> Task goal
Drop the pictures and repeat exactly from the "Presentation with pigment" line down to the last line of the entries below.
━━━ Data supplied
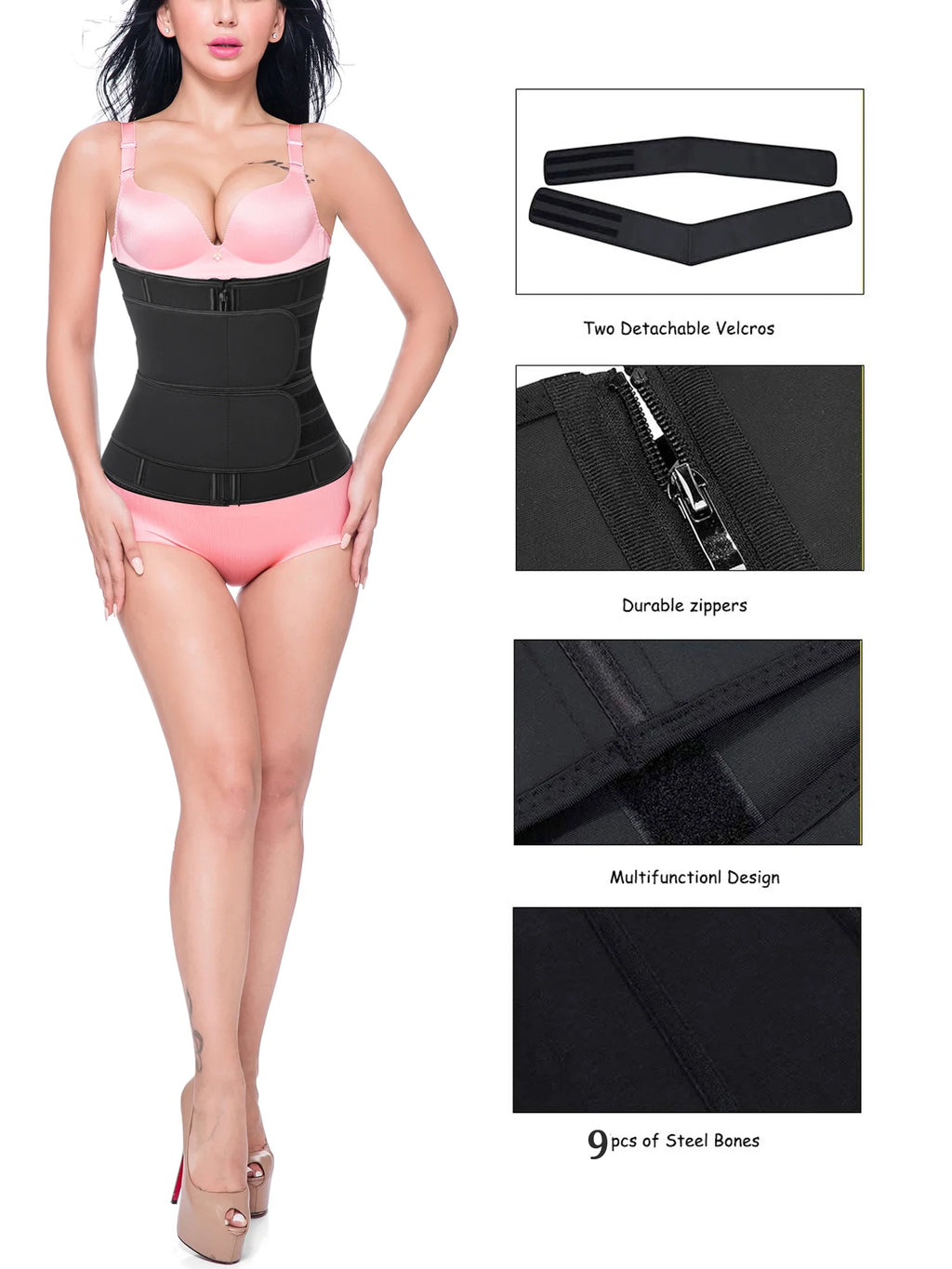 Women's Waist Trainer Corset Belt Sweat Slimming Body Shaper K848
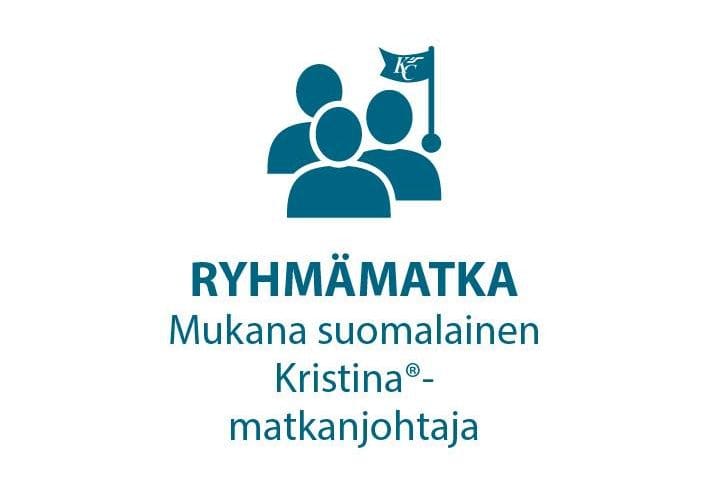 Ryhmämatka mukana suomalainen Kristina matkanjohtaja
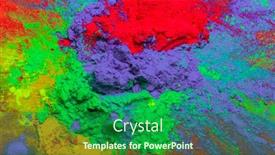  Presentation with pigment - Amazing theme having holi-color-powder-organic-gulal backdrop and a forest green colored foreground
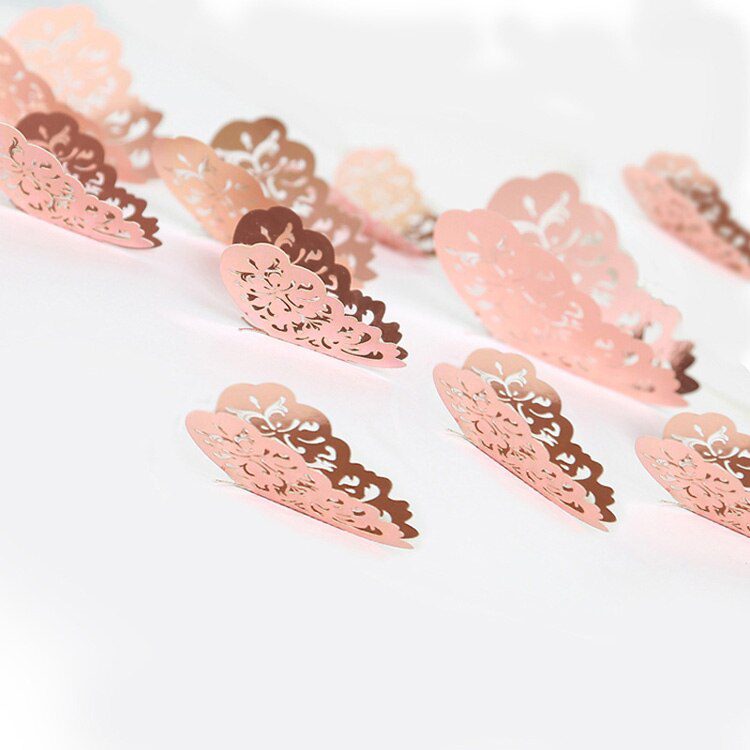 12Pcs/Set Hollow 3D Butterfly Wall Stickers For Wedding Decoration Living Room Window Home Decor Gold Silver Butterflies Decals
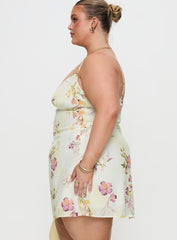 Jaye Mini Dress Floral Curve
━━━━━━
> Exercise response
  Presentation with pigment - Amazing theme having holi-color-powder-organic-gulal backdrop and a forest green colored foreground
 12Pcs/Set Hollow 3D Butterfly Wall Stickers For Wedding Decoration Living Room Window Home Decor Gold Silver Butterflies Decals
 Jaye Mini Dress Floral Curve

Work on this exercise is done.